* _PROVIDED DATA_:

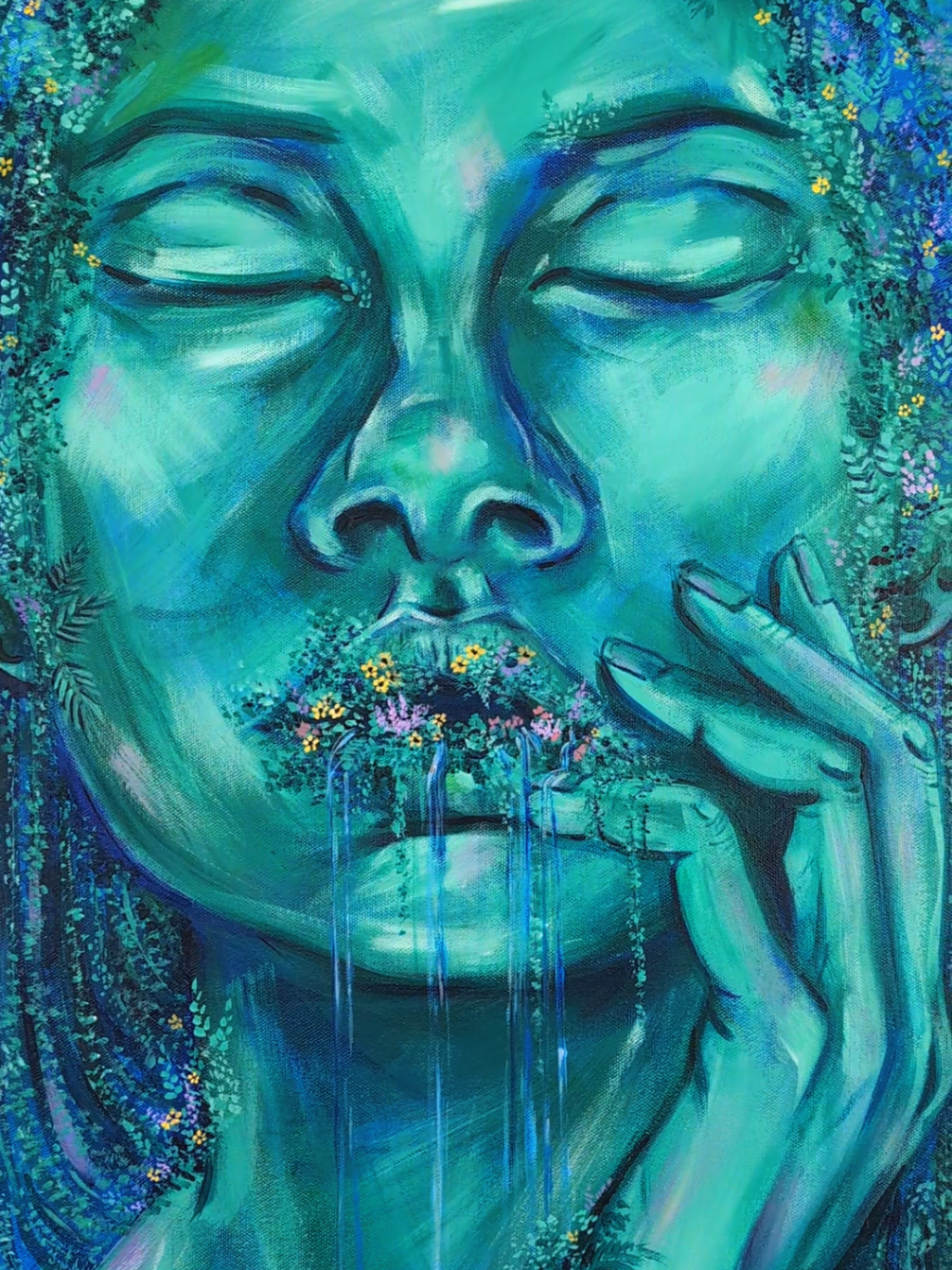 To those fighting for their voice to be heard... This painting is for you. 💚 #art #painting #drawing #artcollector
==
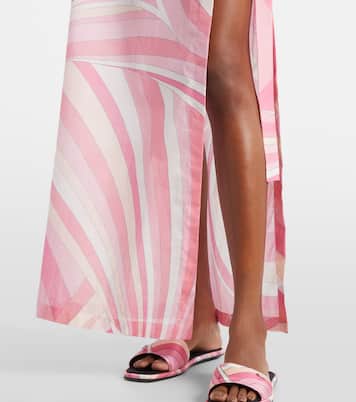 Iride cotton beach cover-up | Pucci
==
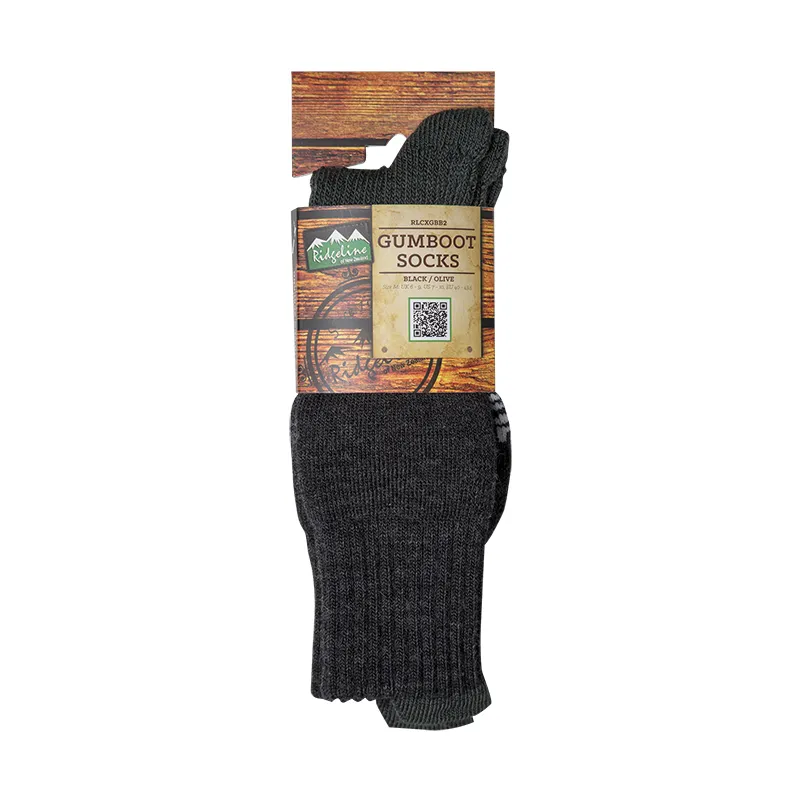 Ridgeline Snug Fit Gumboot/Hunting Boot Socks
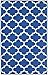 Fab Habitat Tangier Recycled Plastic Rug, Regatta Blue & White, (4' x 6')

* _TASK BRIEF_:
Only one stretch of the entries above is needed: the lines from the one containing "Ridgeline Snug Fit" through the one containing "Fab Habitat Tangier". Copy it exactly, without the pictures.

* _ANSWER TO THIS EXERCISE_:
 Ridgeline Snug Fit Gumboot/Hunting Boot Socks
 Fab Habitat Tangier Recycled Plastic Rug, Regatta Blue & White, (4' x 6')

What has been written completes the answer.